I thought I had it working with the first webpage I used. I have not included all of the text I am processing – only a portion that seems to work/fail.


Dictionary Parse.kmmacros (13 KB)

Macro Image

Hi dglancy,

Your test text does not appear to contain any 5 letter words, so I think your test text will always return nothing.

I also think all of those words contain the letter A, so they will likely match your final IF statement, and again you won't get anything.

Does that make sense? Am I barking up the wrong tree?

What you are trying to achieve is very much doable, probably with as few as two or three actions if you wanted to get really fancy - but I'm keen to make sure that we're on the right page before devoting more time here.

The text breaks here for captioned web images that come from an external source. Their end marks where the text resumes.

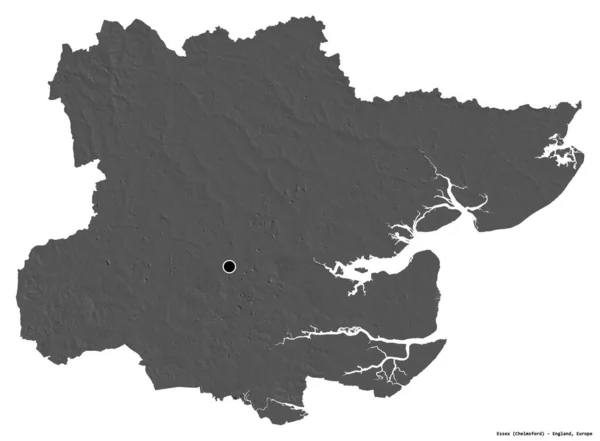 イングランドの行政郡エセックスの形で その首都は白い背景に孤立している 標高マップ 3Dレンダリング — ストック写真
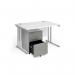 Maestro 25 bundle straight 1200 desk, silver leg frame and silver steel ped - White SBS12WH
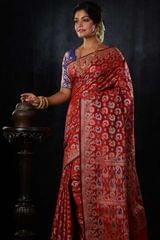 Banarasiya Women's Traditional Banarasi Silk Red Saree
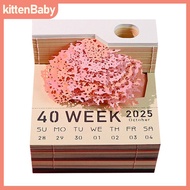 kittenBaby ปฏิทินตั้งโต๊ะต้นไม้พร้อมไฟ LED 2025แผ่นบันทึกปฏิทินแบบสร้างสรรค์แผ่นจดบันทึกปฏิทินตั้งโต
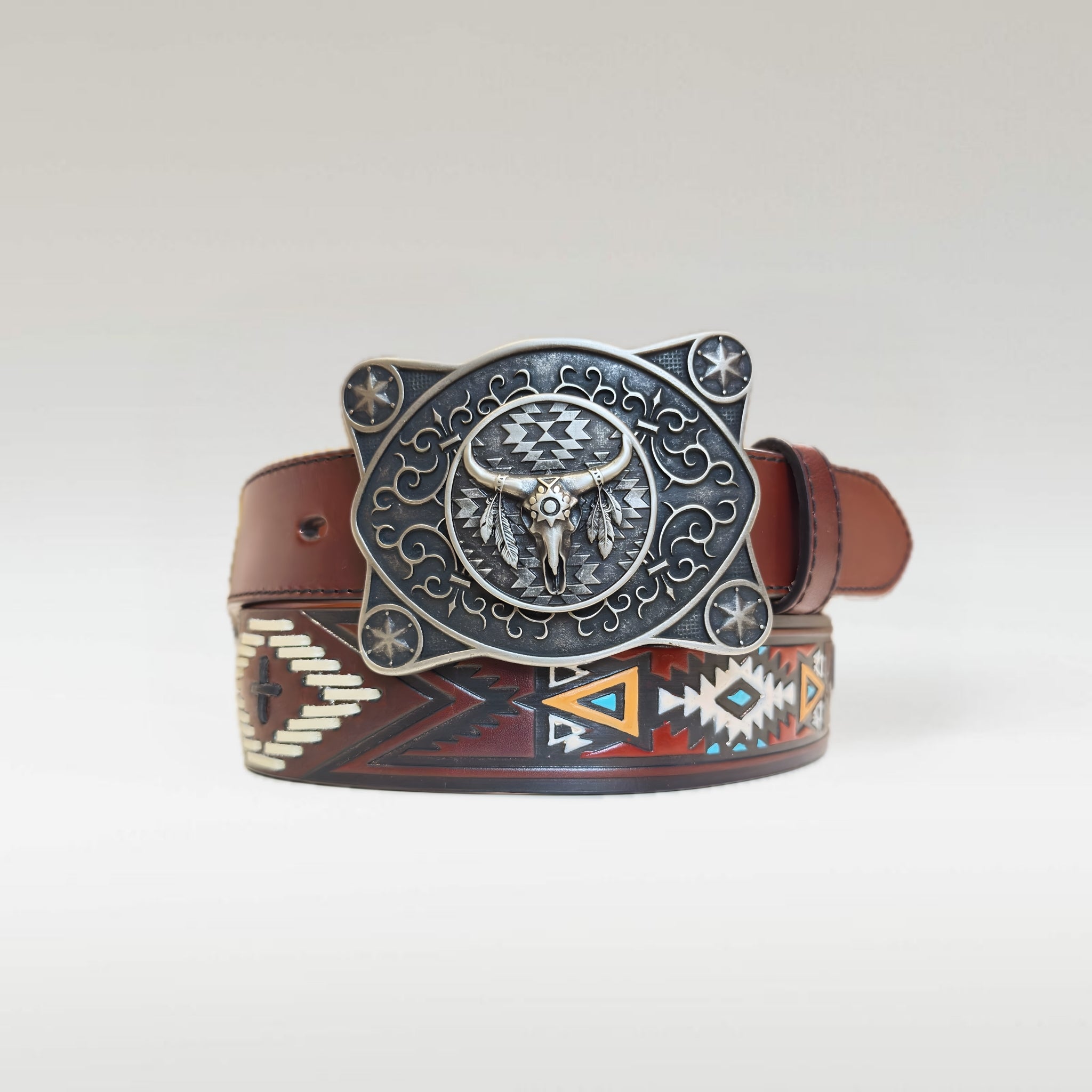 Silver bull red indians leather belt strap and metal belt buckle. Shop the Best western belts for cowboys and cow girls. The house of belts to bold western and everyday classic belts. Reversible belts, automatic belts, removable belts to western metallic buckles, designed belts and simple belts. 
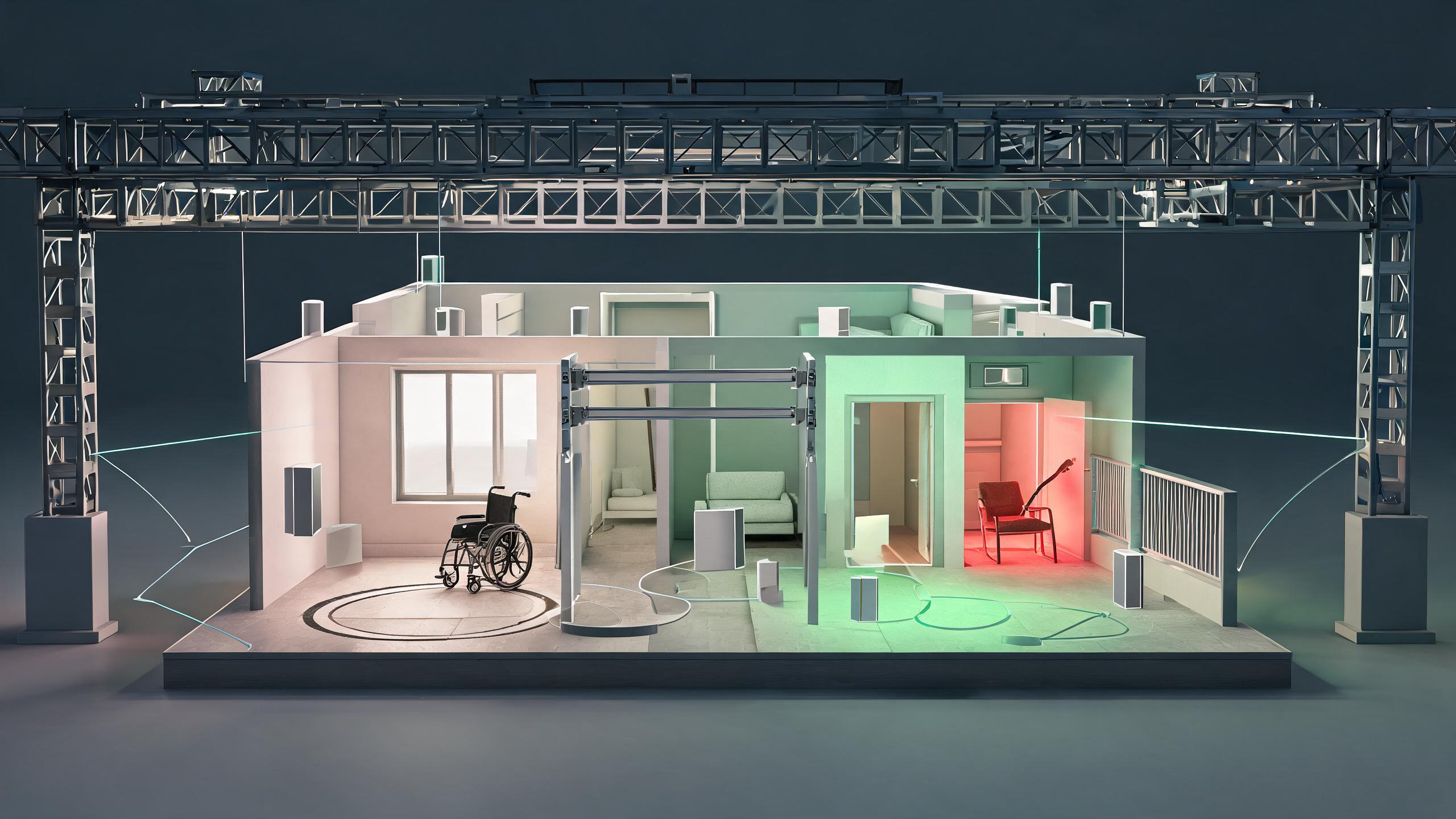 Cutaway apartment model undergoing accessibility and leasing compliance review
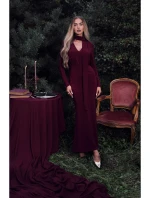 M891 Šaty s řasením a šerpou - bordó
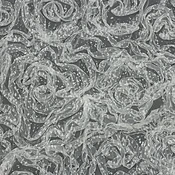 3D Fabric Roses Glitter Tulle - White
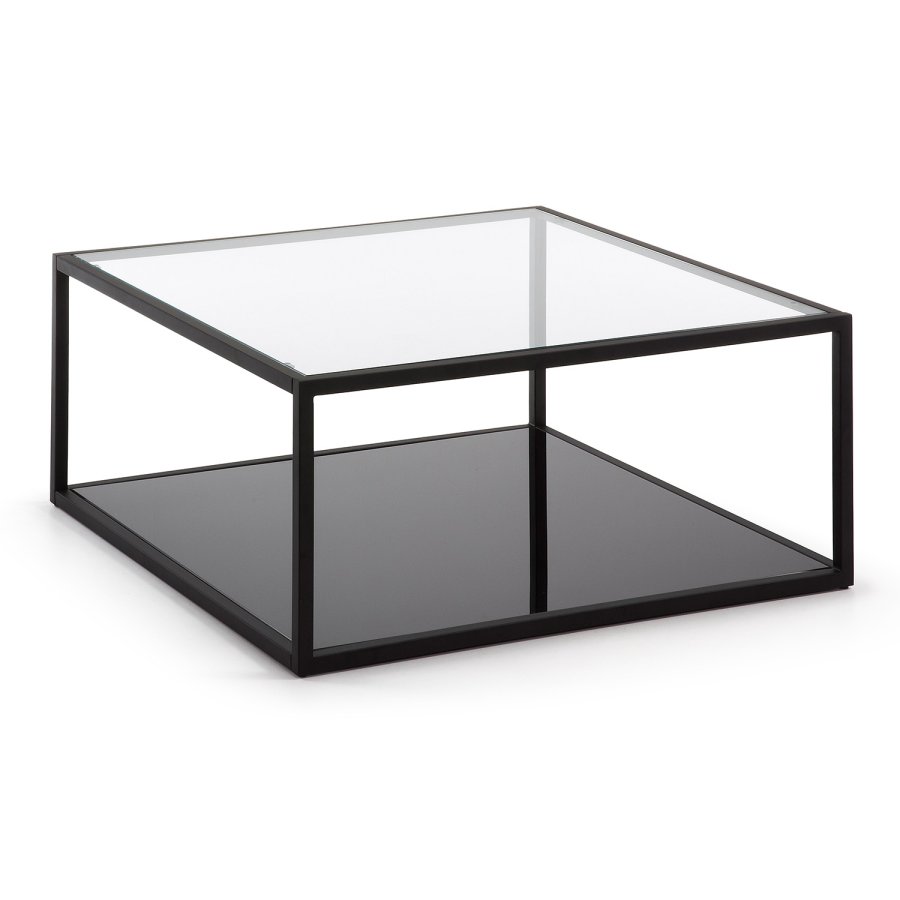 KAVE HOME Greenhill sofabord, m. hylde - klar glas og sort stl (80x80)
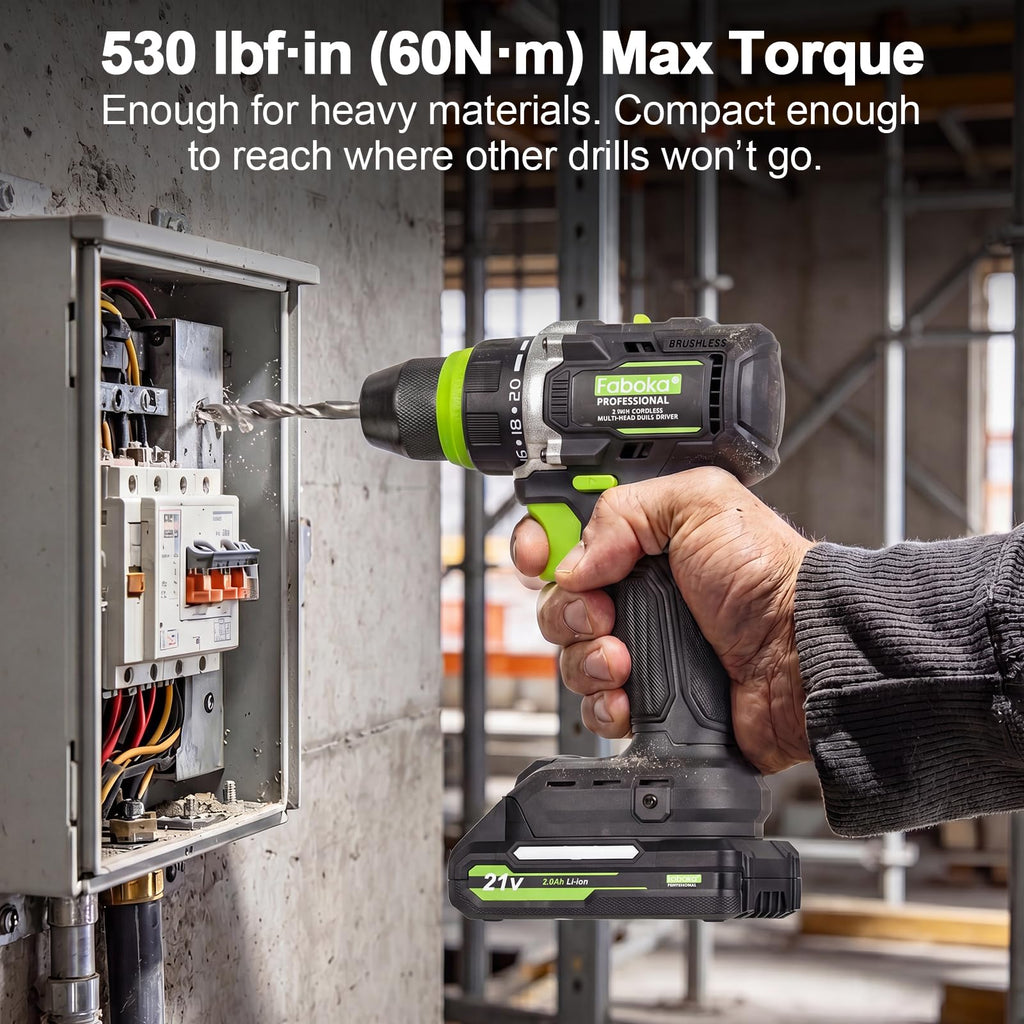 21V Cordless Brushless Multi-Head Drill Driver Kit P620161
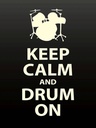 Holzschild 40x30 cm Keep calm and drum on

Happy to help though :slight_smile:

1 Like

Regardless of your regex, there's some confusion in your "If" action's conditions.

"Contains" will treat the Variety variable as text and will be true if Varty contains "5" -- so, for example, it would be true if Varty was 15. To compare numbers use the "is" conditions -- so for an equality test use "is =".

"Does not match" is for regular expression matching. Because you've used a single character, "Does not match" will only be true if Var does not contain an "A" somewhere, anywhere, in it -- if Var is set to "Ab" it does match.

So at the moment you will only append text to your file if that text does contain a "5" and doesn't contain an "A" -- which is probably not what you want!

The test text is actually larger in the macro than what is shown in the image. When I run the macro, this is the output.

autot
autotransformer
autotransfusion

5 characters long, 15 characters long, 15 characters long, none of them containing the character "A" -- all three match your "If" statement as written. See above about condition confusion.

Thanks. I did want words with 5 characters and did not contain a capital "A". I will revisit the manual on variables and conditions.

in a related question, in the "IF" action, I was originally trying to calculate the length of each variable and test for 5 characters. I searched the site and could not figure that out and used the separate action "Set variable to calculation". any help is appreciated.

thanks, I did get the condition confusion. I was just responding to Vincent. I guess I am not clear who I am responding to and did not read all of the responses first. Sorry.

I think we were both replying at the same time, hence the confusion -- no apology needed!

There's no problem with two-stepping by setting a variable and then testing it. But you can make your macro more succinct by using a "Calculation" condition instead. For example:

length test.kmmacros (3.5 KB)

Image

\"/dictionary\/([a-z]{5}).>

as your regex pattern should give you only 5 letter words, that don't have any capital letters. It's not exactly what you've asked for, but it's easier than excluding just capital A letters, and may well do what you need.

Now that I think about it, that character set [square brackets bit] could be [B-z] and it would work, but that's just because capital A is conveniently at the beginning of the letters alphabetically so is super easy to exclude by just starting at B.